Steiner, que ha muerto con 90 años, perteneció a una generación que consideró que el Holocausto cambió radicalmente la forma de entender la condición humana o, más bien, la “posibilidad humana”, como decía él. No se podía entender el presente “como si el exterminio no hubiera alterado, profundamente, la cualidad de nuestra conciencia”. El horror de las guerras y los totalitarismos, el aparato industrial creado para la muerte en masa, sus tinieblas, “no brotaron del desierto de Gobi o de las selvas húmedas del Amazonas. Surgieron del interior, del meollo de la civilización occidental”. Y esa civilización no podría expresarse igualmente con las palabras que habían servido a una máquina de muerte tan siniestra, unas palabras que habían sido “torcidas y rebajadas”. En muchos de sus escritos Steiner enfocaba su análisis en el uso del lenguaje del Reich, donde “las palabras fueron forzadas a que dijeran lo que ninguna boca humana habría debido decir nunca y con las que ningún papel fabricado por el hombre debería haberse manchado jamás”.

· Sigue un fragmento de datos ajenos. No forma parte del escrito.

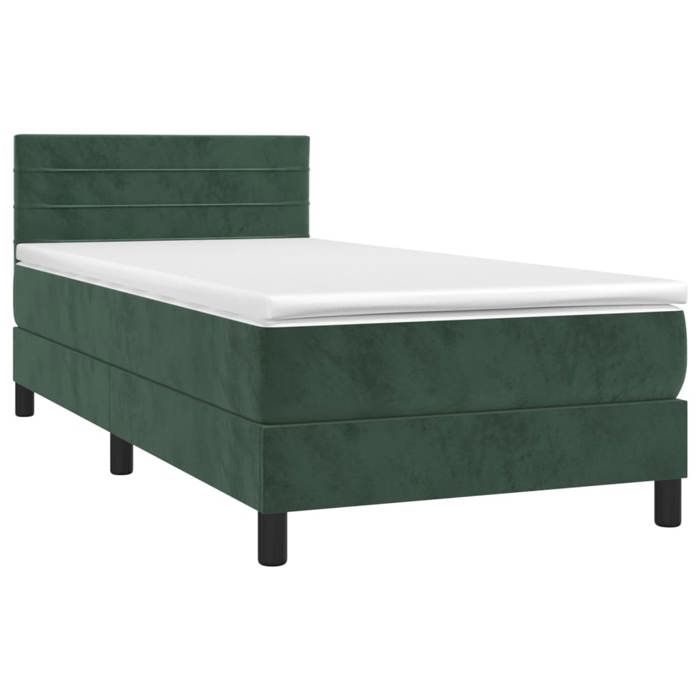 Maison Exclusive - Sommier à lattes de lit avec matelas Vert foncé 100x200 cm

En la escritura de Steiner sobre las mentiras, el sadismo y el retorcimiento del lenguaje, hay un halo profético. El poso de corrupción que impregnó el lenguaje en la era del exterminio, de la deshumanización y de la bestialidad calculada parece haber sobrevivido estas décadas como un parásito resistente. Y ahora surge, sin vergüenza ni complejo, globalmente. De ello nos advierte Ece Temelkuran, cuyas palabras en Cómo perder un país se entrecruzaron con mi recuerdo de Steiner. Ella relaciona “el espectro de la verdad alternativa, mentiras a gran escala y extremadamente organizadas” con la “normalización de la desvergüenza”. La mentalidad exterminadora de la primera mitad del siglo XX no surge en un desierto, como tampoco lo hace la mentalidad populista de ultraderechas, el (neo)fascismo o como quieran llamarlo (xenófoba, racista, machista, homófoba, violenta). Temelkuran señala un momento clave en esa normalización de la desvergüenza: 1991, bombardeos con drones televisados en la primera guerra del Golfo, excitación en la retransmisión, como si se tratara de un videojuego, como si no fuéramos testigos de una masacre de personas. “De repente, era moralmente correcto hablar de lo emocionante que resultaba el avance tecnológico que nos permitiría ver una guerra en televisión en vivo y en directo”. Temelkuran señala este cambio moral como el inicio de un periodo en el que el lenguaje, las palabras mismas, de nuevo son “retorcidas y rebajadas”. Detrás del lenguaje tecnológico de guerra a distancia o detrás de las nuevas retóricas para señalar al enemigo (desde “el eje del mal” de Bush a los “menas” o “feminazis” de la ultraderecha patria), el lenguaje está al servicio de la deshumanización. Si lees "mena" y no imaginas a un niño migrante, solo, en un país que no es el suyo, sino un ente amenazante, el lenguaje ha transformado tu percepción de la realidad. Neolengua al servicio del odio. Palabras forzadas a decir lo que nunca deberían decir.